For to which of the angels did God ever say: "You are my son; this day I have begotten you"? Or again: "I will be a father to him, and he shall be a son to me"?
And again, when he leads the first-born into the world, he says: "Let all the angels of God worship him."[4]
Of the angels he says: "He makes his angels winds and his ministers a fiery flame";
but of the Son: "Your throne, O God, stands forever and ever; and a righteous scepter is the scepter of your kingdom.
You loved justice and hated wickedness; therefore God, your God, anointed you with the oil of gladness above your companions";
and: "At the beginning, O Lord, you established the earth, and the heavens are the works of your hands.
They will perish, but you remain; and they will all grow old like a garment.

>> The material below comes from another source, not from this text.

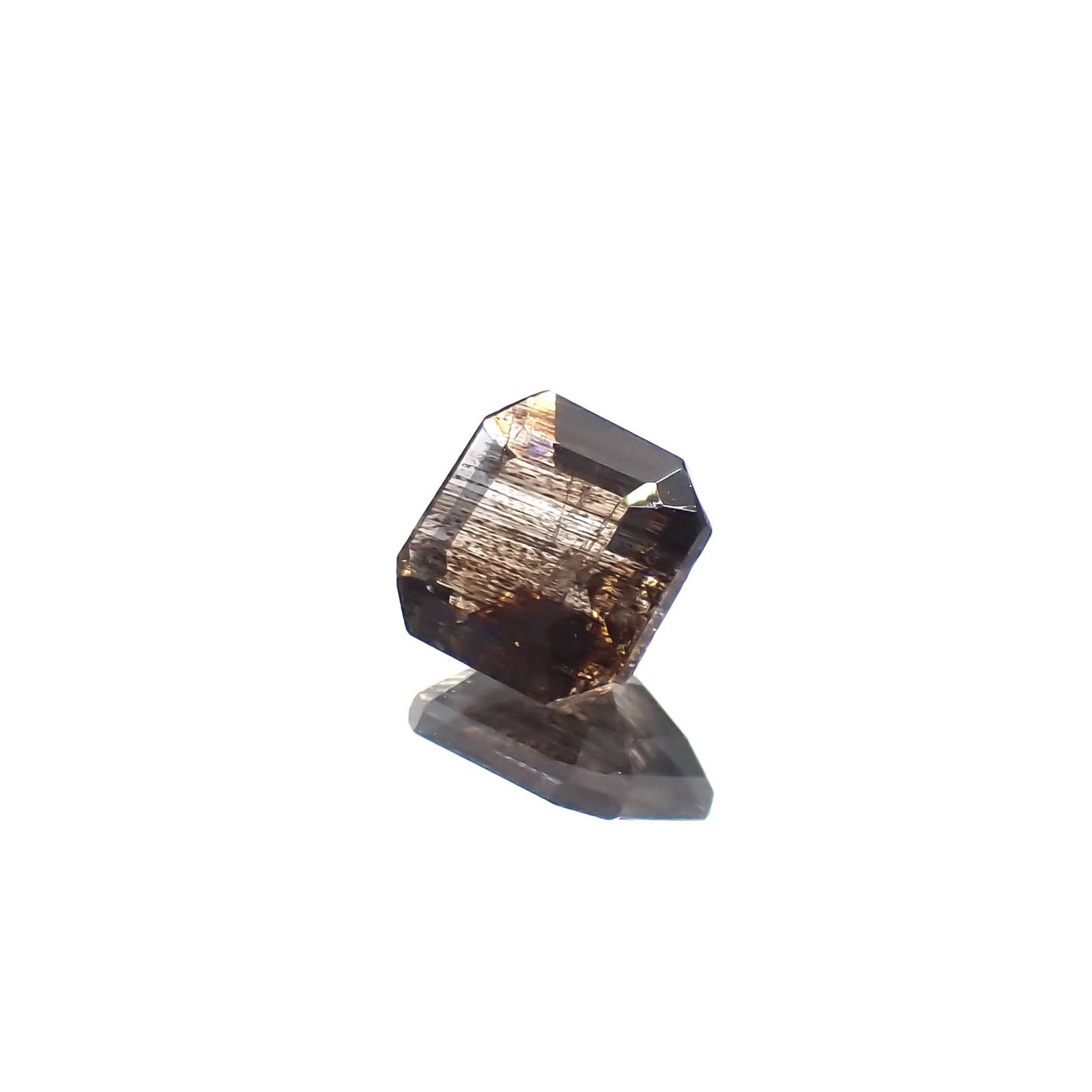 レインボースキャポライト ブラジル産 0.50ct[230320925]5x5mm前後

You will roll them up like a cloak, and like a garment they will be changed. But you are the same, and your years will have no end" (Heb 1:1-12).

Comments

  1. These opening verses bear a strong resemblance to John 1:1-4, where Jesus is the creater Word (Greek: logos) spoken by the Father from before all time.
  2. The Old Testament Scriptures are "partial and various." The revelation made in Jesus completes, fulfills, and re-interprets them decisively. Although the author does not say it directly, the implication of the next verse is that God has completed the work of prophetic revelation through Jesus. For Christians, Jesus deserves the title that Muhammad gave himself in the Quran: "The Seal of the Prophets."
  3. Up to this point, the passage is consistent with the Arian heresy; the pre-existence of Jesus before all other things is affirmed, but not necessarily His full equality with the Father.
  4. The fact that the angels worship Jesus may be an indirect affirmation of His full divinity.